• **EXERCISE**
Please return each entry exactly as it appears, but not the pictures.

[Brief descriptive captions]

——————

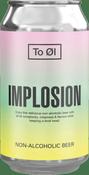 To Øl Implosion Non Alc 33cl can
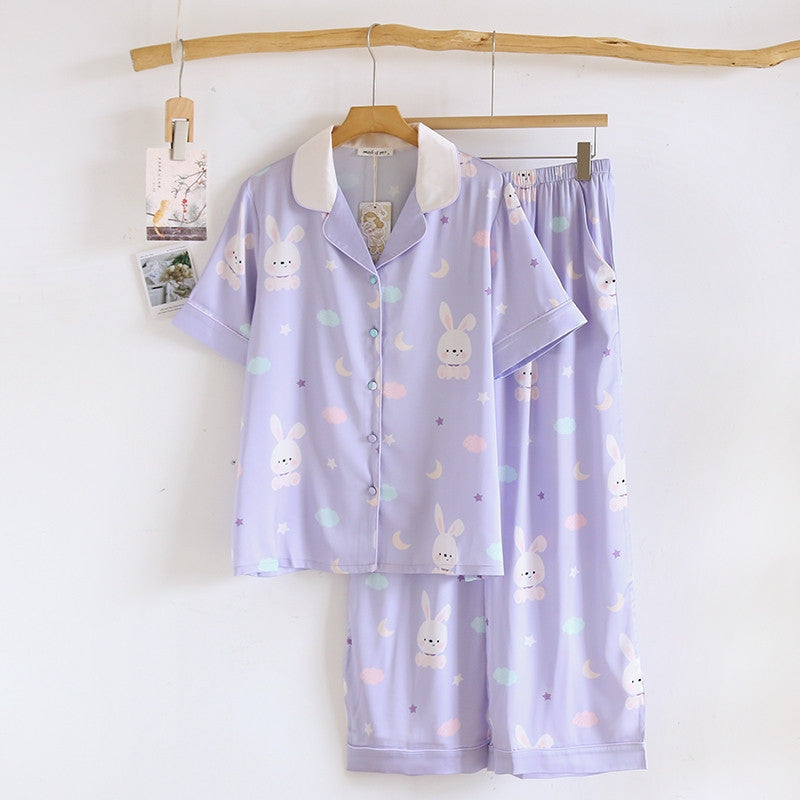 ชุดนอน Muslin Pajamas Collection Muslin Pet  (N5025 T5025 M5025)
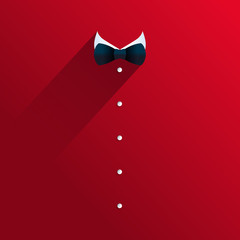 Obraz premium FOND Noeud Papillon - Homme Business
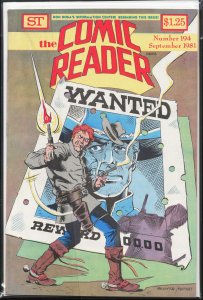 The Comic Reader #194 (1981)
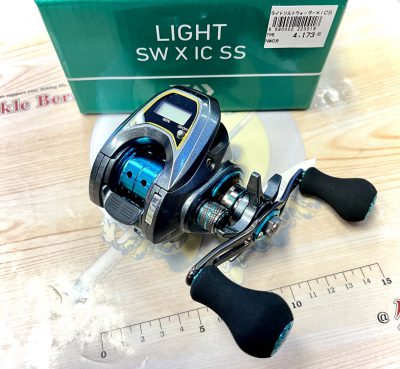 NEW REEL DAIWA LIGHT SW X IC SS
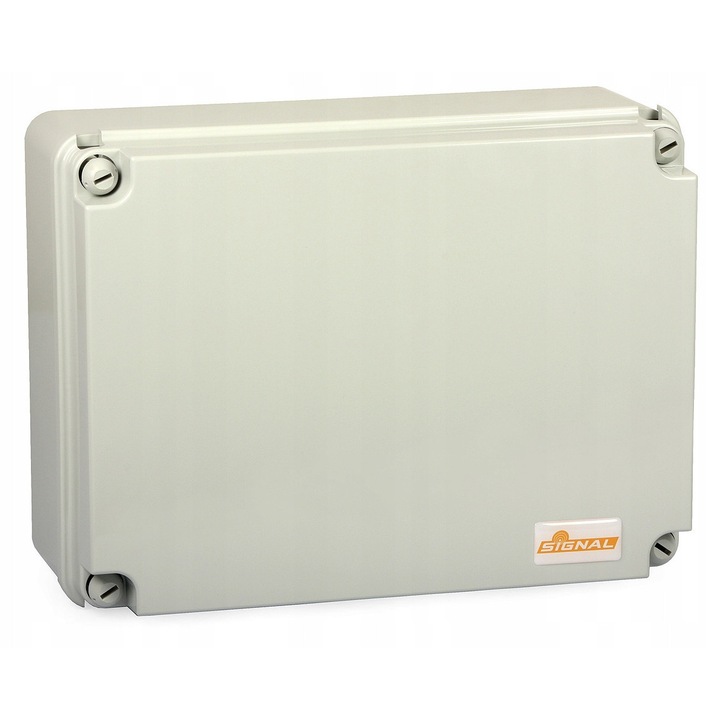 Cutie impotriva supratensiunilor Signal, 12 protectii, 5-2400 MHz, montaj pe perete sau stalp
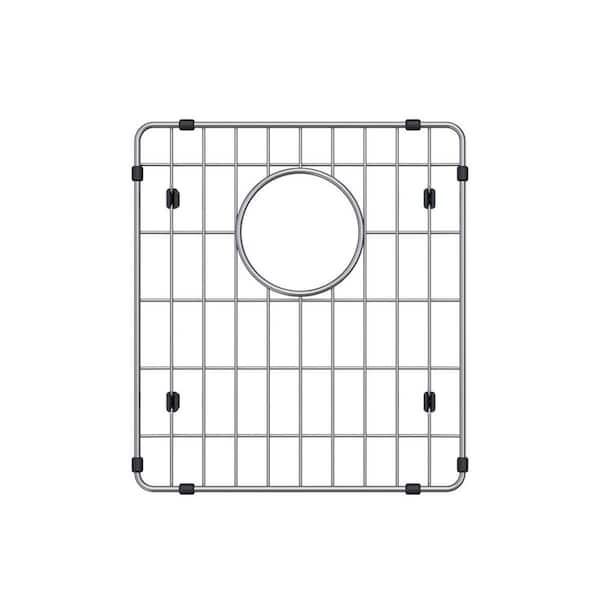 Elkay Crosstown 14.25 in. x 12.75 in. Bottom Grid in Stainless Steel CTXBG1314 The Home Depot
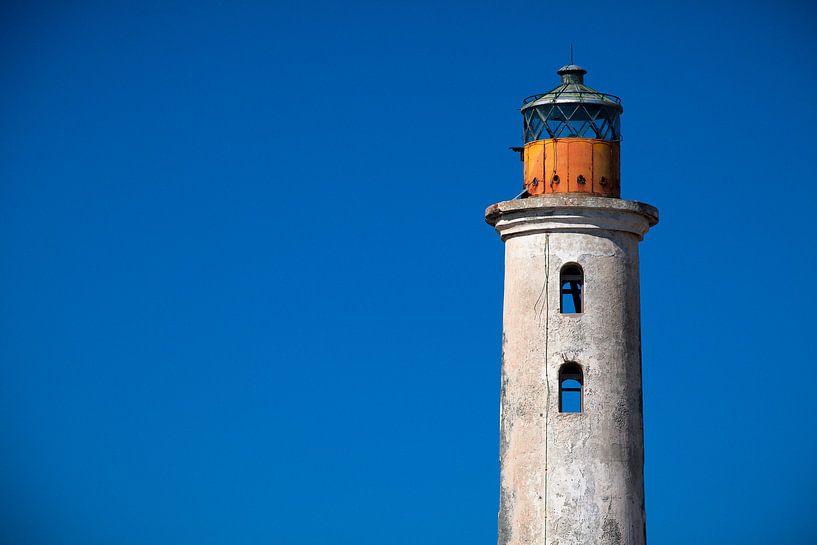 Leuchtturm von Klein Curaçao von Martijn Smeets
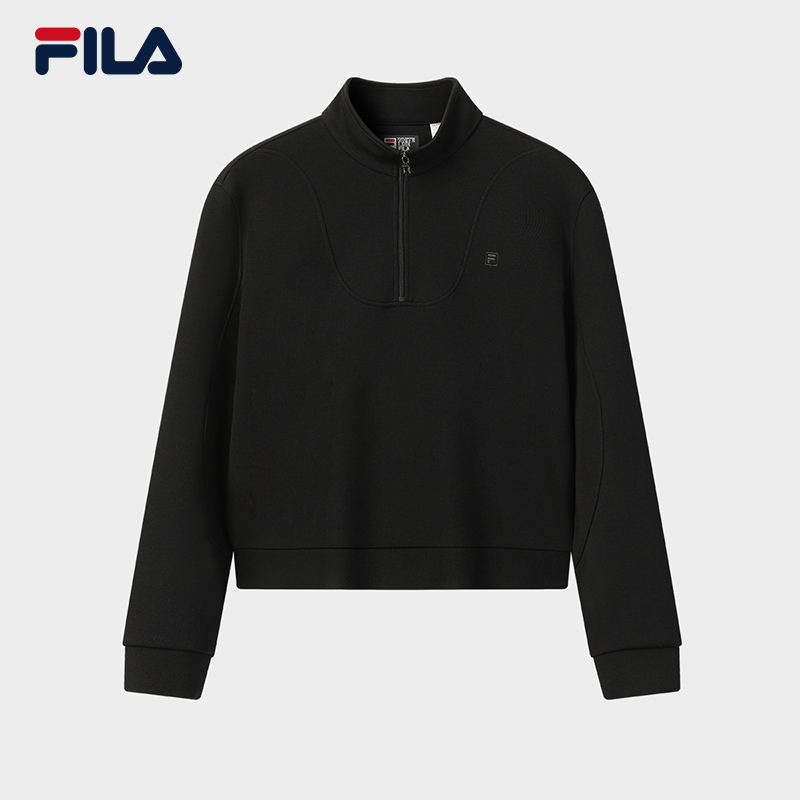 FILA CORE LIFESTYLE WHITE Women Long Sleeve Top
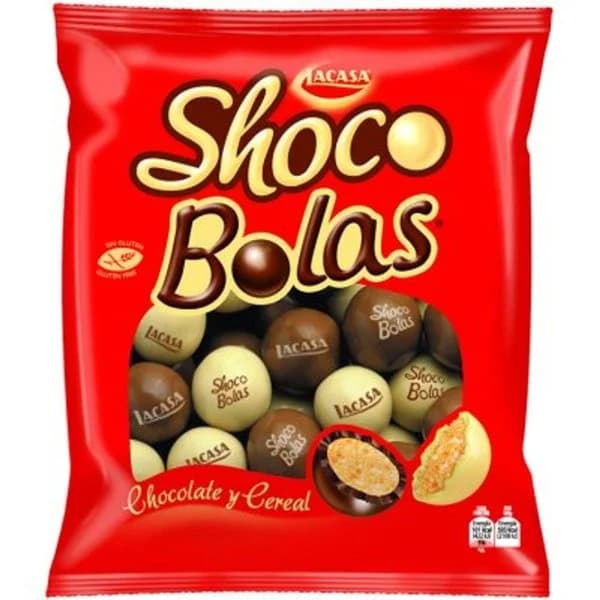 Shoco bolas 200 g - 1 ud - Imagen del producto en Findit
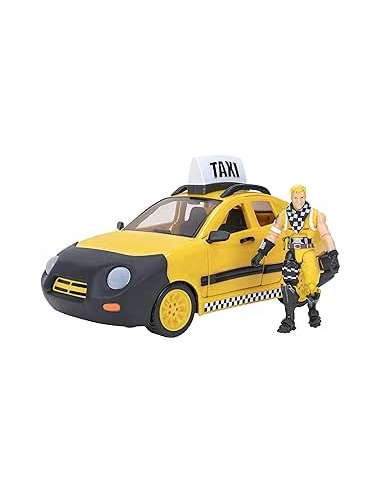 Fortnite Joy Ride Taxi Vehículo+FIGURA
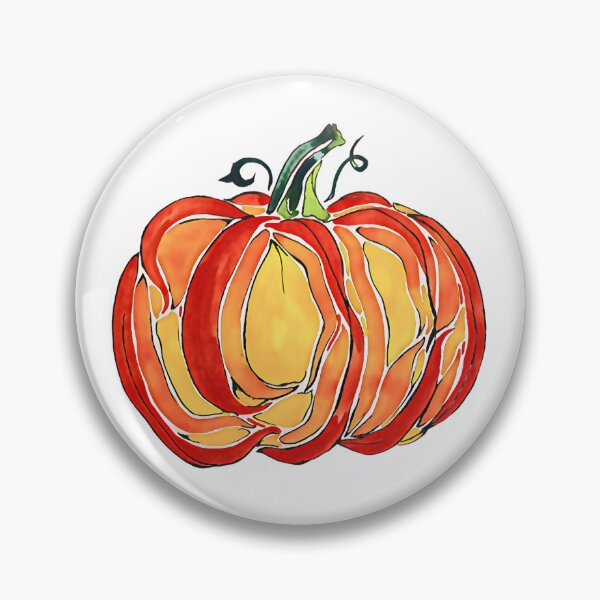 Item preview, Bright and Vibrant Pumpkin for fall decorations and fashion designed and sold by SaraMN88.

——————

• **YOUR SOLUTION**
 To Øl Implosion Non Alc 33cl can
 ชุดนอน Muslin Pajamas Collection Muslin Pet  (N5025 T5025 M5025)
 Obraz premium FOND Noeud Papillon - Homme Business
 The Comic Reader #194 (1981)
 NEW REEL DAIWA LIGHT SW X IC SS
 Cutie impotriva supratensiunilor Signal, 12 protectii, 5-2400 MHz, montaj pe perete sau stalp
 Elkay Crosstown 14.25 in. x 12.75 in. Bottom Grid in Stainless Steel CTXBG1314 The Home Depot
 Leuchtturm von Klein Curaçao von Martijn Smeets
 FILA CORE LIFESTYLE WHITE Women Long Sleeve Top
 Shoco bolas 200 g - 1 ud - Imagen del producto en Findit
 Fortnite Joy Ride Taxi Vehículo+FIGURA
 Item preview, Bright and Vibrant Pumpkin for fall decorations and fashion designed and sold by SaraMN88.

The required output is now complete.